— Dataset records —
┌──

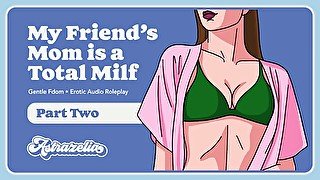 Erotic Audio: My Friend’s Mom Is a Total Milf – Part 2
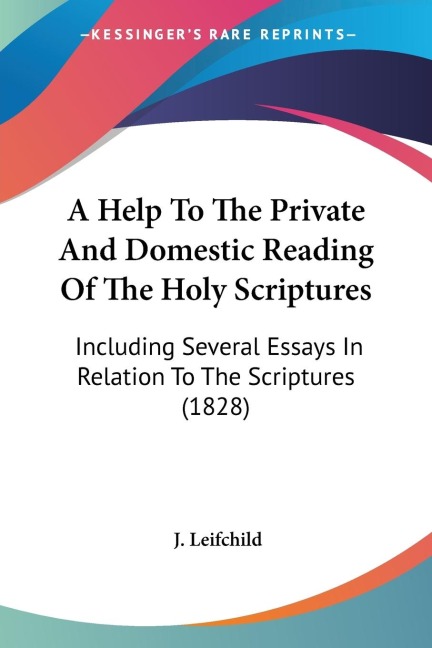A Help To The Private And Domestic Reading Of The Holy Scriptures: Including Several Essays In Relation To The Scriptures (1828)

└──
┌──

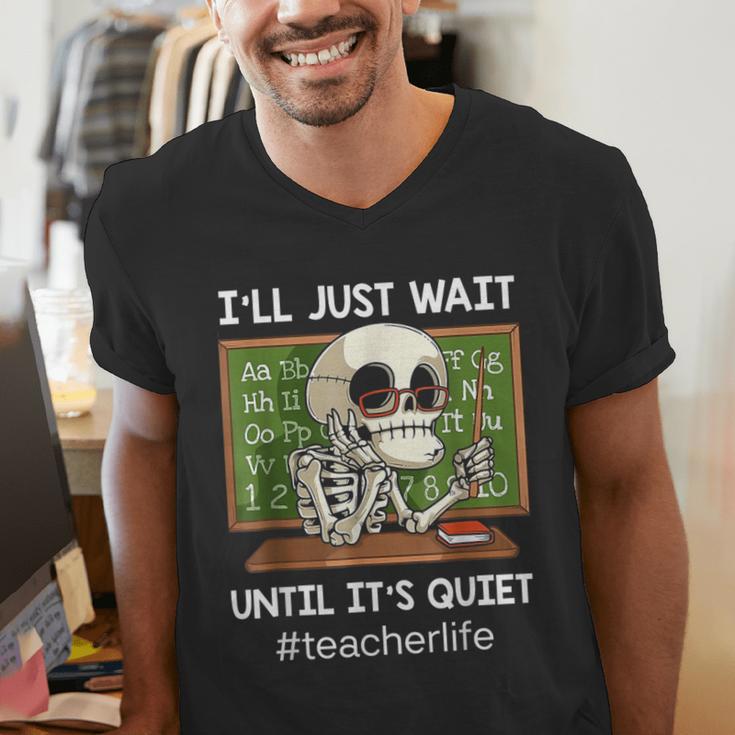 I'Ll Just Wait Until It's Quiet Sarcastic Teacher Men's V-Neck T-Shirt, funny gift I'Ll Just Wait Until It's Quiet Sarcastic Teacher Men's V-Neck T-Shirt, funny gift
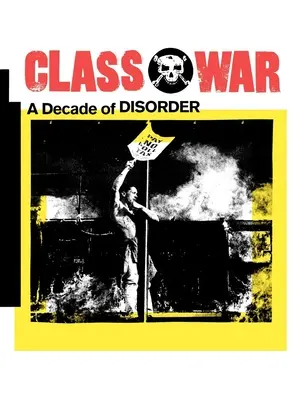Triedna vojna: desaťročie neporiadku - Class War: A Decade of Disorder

└──

— Goal of the exercise —
With pictures omitted, repeat the entries above word for word from the line holding "Erotic Audio: My" down to the line holding "A Help To The", keeping both of those lines.

— Output below —
 Erotic Audio: My Friend’s Mom Is a Total Milf – Part 2
A Help To The Private And Domestic Reading Of The Holy Scriptures: Including Several Essays In Relation To The Scriptures (1828)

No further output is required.